The logistics of movie making are beyond me, but as a film lover there is a startling fact apparent that I can’t not blog about for much longer. I am well versed in the genre of rom-coms and romantic dramas, some of my favourite films even fall into these categories, but I’ve come to notice something. And its been bugging me. Where is my representation? Where are all of the fat characters in love? When films approach the subject of fatness, it is never genuine, raw or real. That’s not to say that films don’t give fat men and women some visibility, it’s just the wrong kind. For both male and female fat characters, the road from opening titles to closing credits is tumultuous, more so when the subject of love is the focal point of their story.
I take umbrage to the idea that fat men and women can’t fall in love before losing weight first. Many films tend to follow the same structure: a fat character is overlooked by the object of their affections, said fat character loses weight, and then gets the girl/guy. Take the character that Ryan Reynolds plays in Just Friends, Chris Brander. As a teenager, Chris is hopelessly in love with his (blonde and slim) best friend Jamie, but Jamie blindly continues their friendship – until they meet some years later and Chris has had his braces removed and shed the weight that he carried. Then she’s interested, funny that. Similarly, Renée Zellweger’s portrayal of well-loved screw up, Bridget Jones, focuses intensely on Bridget’s desire to lose weight and get the guy (all whilst just toeing the line of curvy, I hasten to add). It would be refreshing to see a fat character in love – not in spite of their size, but regardless of it.

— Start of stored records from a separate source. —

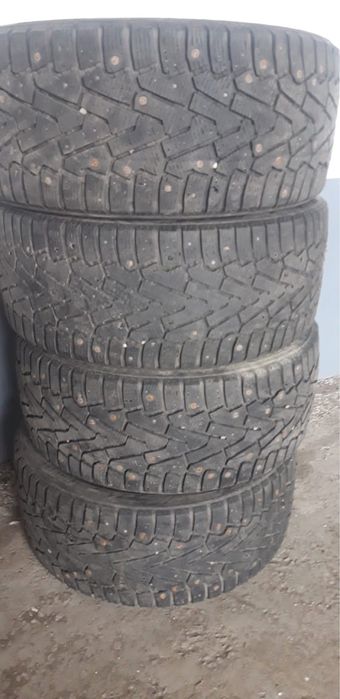 Продам покрышки! Все 8 колес = 50 000тг зимние и летние!
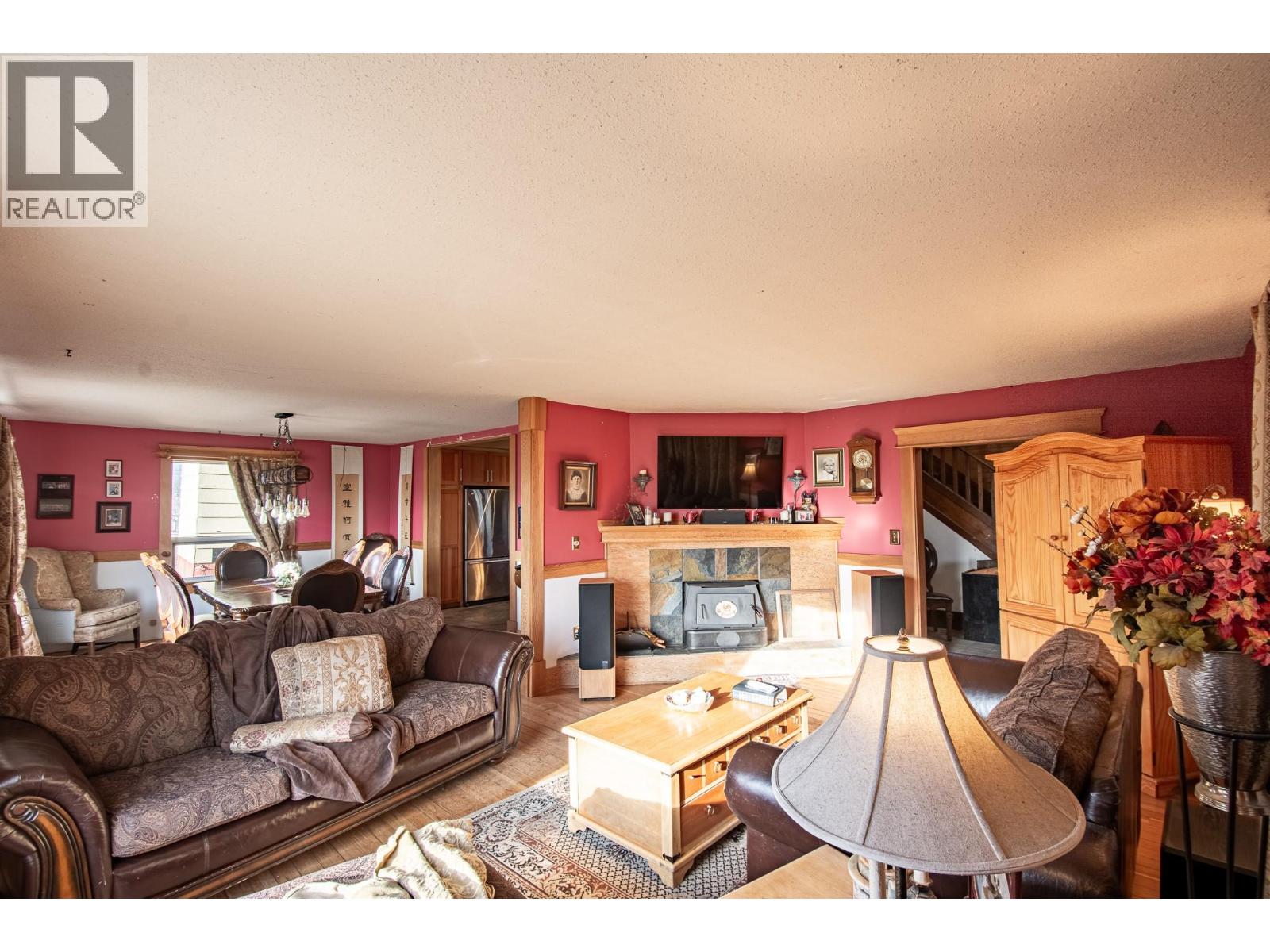 13606 Cooke Avenue, Summerland, British Columbia  V0H 1Z1 - Photo 5 - 10373113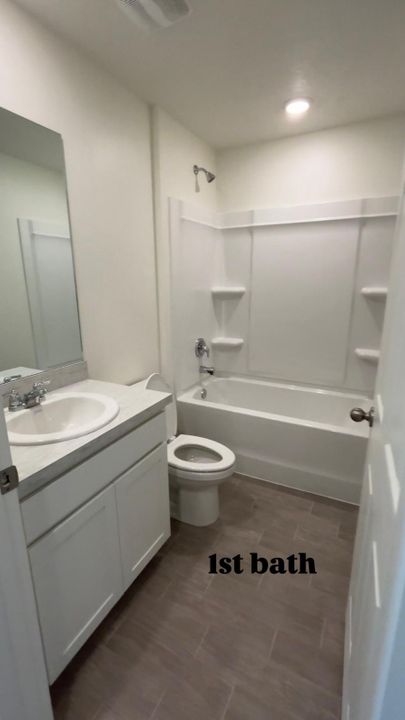 For Rent: $2,700 (4 beds, 2 baths, 2104 Square Feet)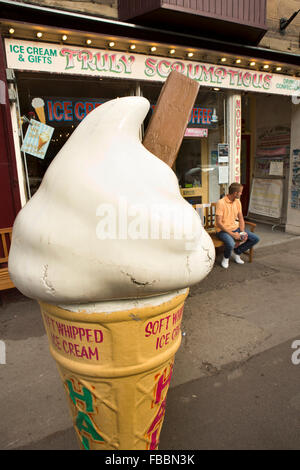 Regno Unito, Inghilterra, Derbyshire, Matlock Bath, North Parade, giant cono gelato al di fuori il cibo da asporto shop Foto Stock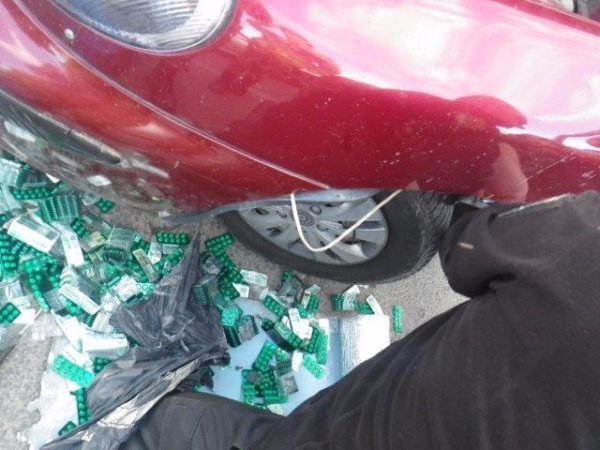 Українець намагався доправити у Крим майже 54  тисячі пігулок  димедролу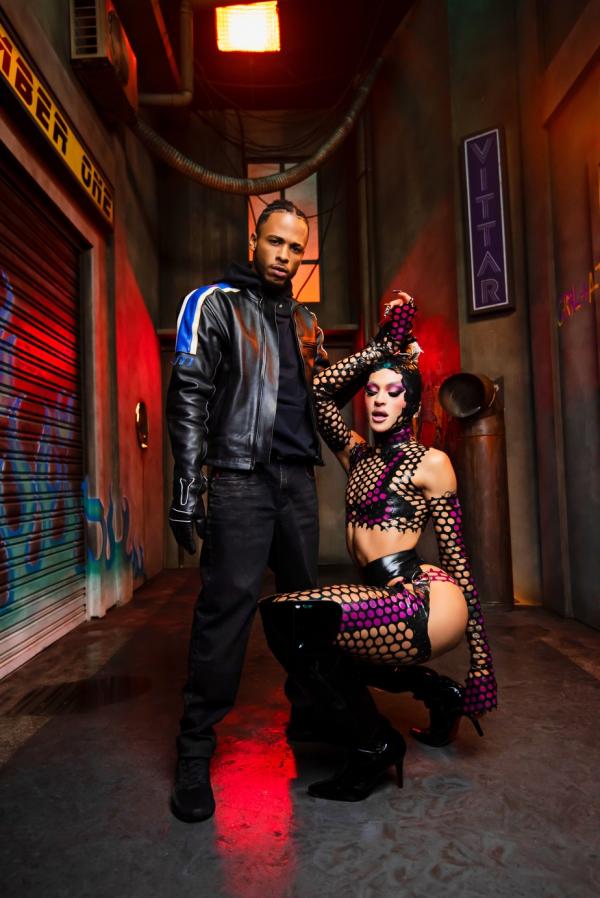 Pabllo Vittar mistura k-pop com funk em single com DJ Rennan da Penha(Imagem:Divulgação)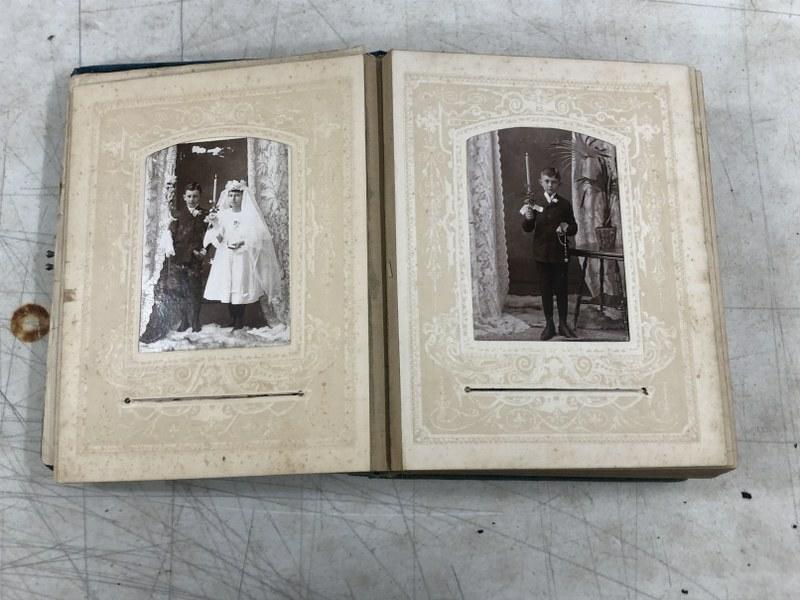 Victorian family album with 16 cabinet cards, 13 tintypes, 6 cdv's, album is in poor condition. (1 of 7)
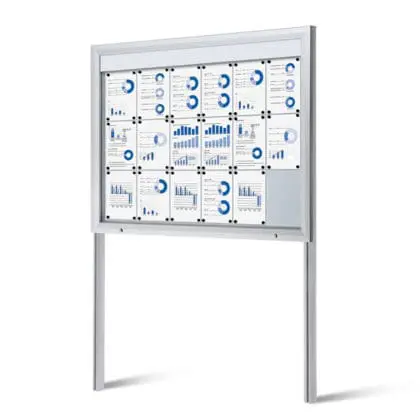 LED opslagsskab ude på nedstøbte stolper - magnettavle 18xA4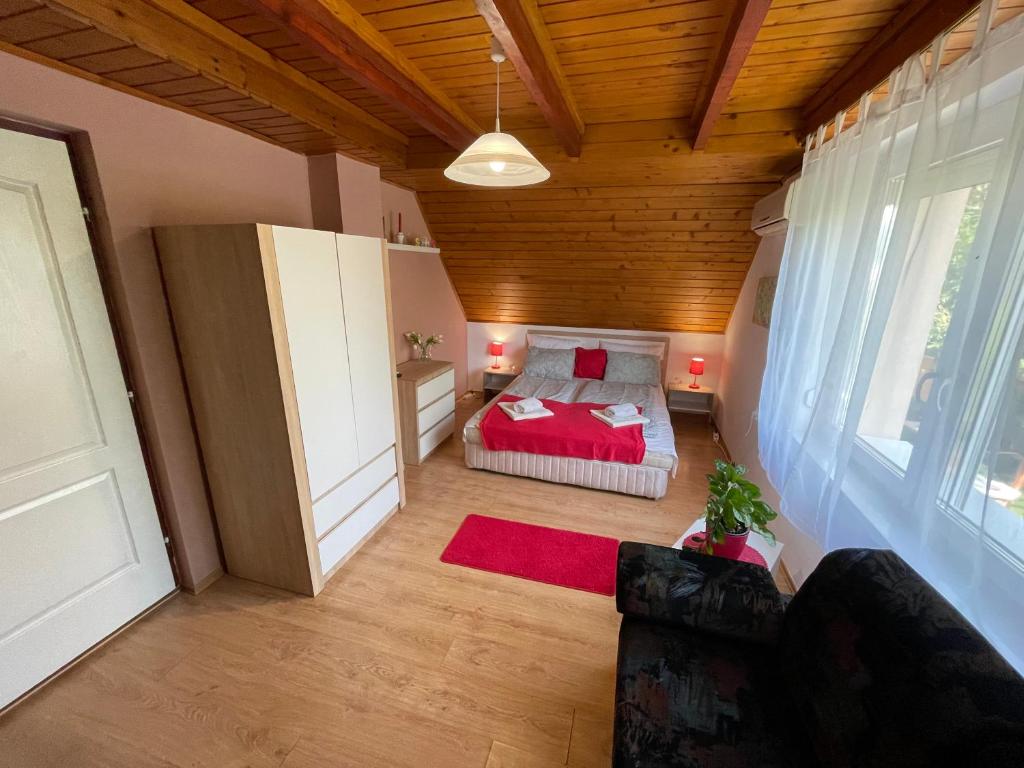 Een bed of bedden in een kamer bij Linett Apartman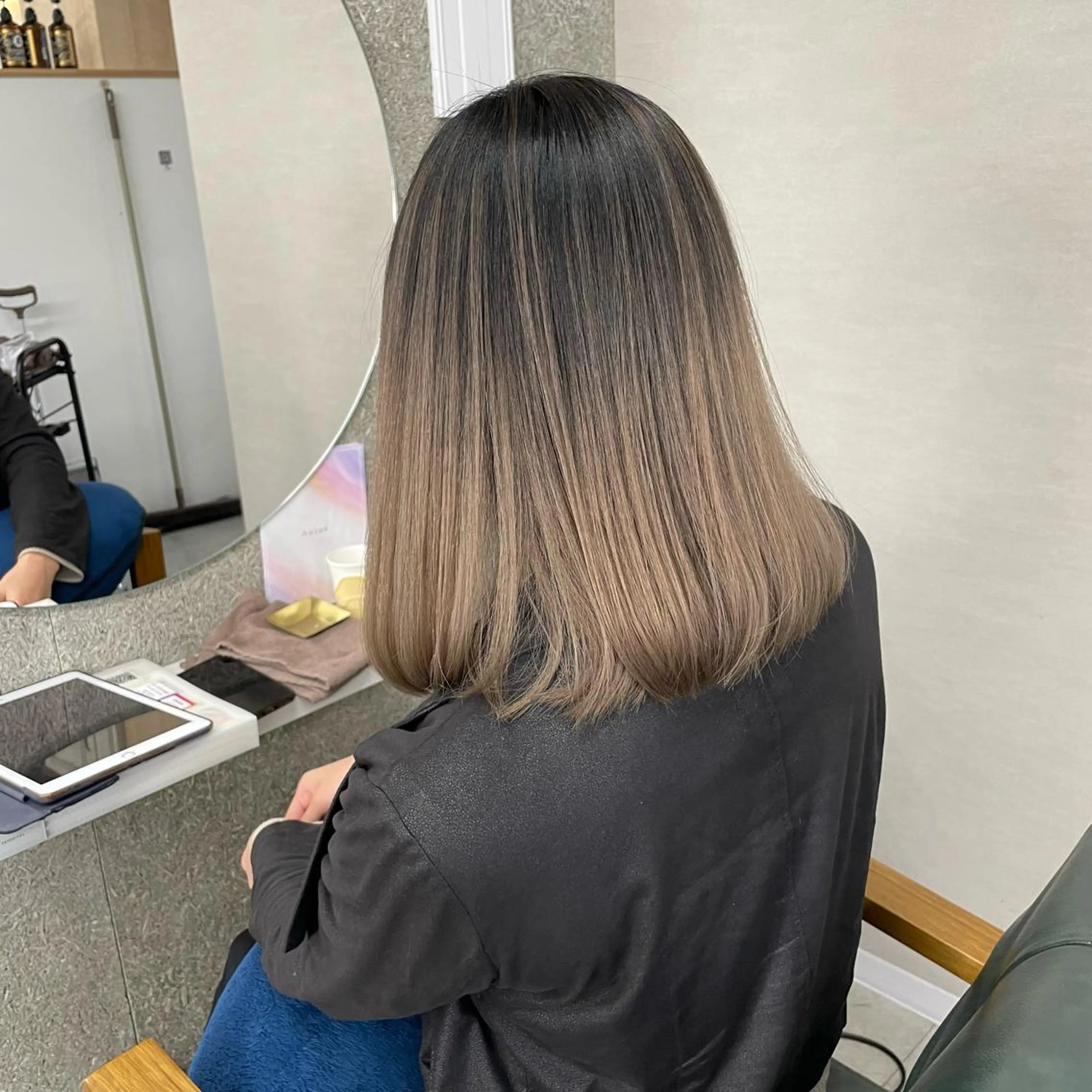 ミディアム カラー ヘアカラー トリートメント Lull (シェアサロンReco VIProom)所属・Lull1人美容室 バレイヤージュのヘアスタイル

Shallow Hal and Hairspray, although to be applauded for their attempts at subverting the stigma surrounding fat relationships, still make some mistakes. Rosemary, Gwyneth Paltrow’s fat-suited character, is ridiculed, bullied and demeaned throughout, until Hal (played by chubby favourite, Jack Black) finally sees her size and overcomes cultural obstacles to fall in love with her in spite of her size. Not a million miles away from this, Tracy Turnblad in Hairspray, smashes through social stigma to become a dancing sensation – oh, and she gets the guy. These films, in my eyes, are pioneers of fat character acceptance: but they still fixate on the size of their fat characters as an entity to overcome, something that has to be acknowledged, discussed and conquered first.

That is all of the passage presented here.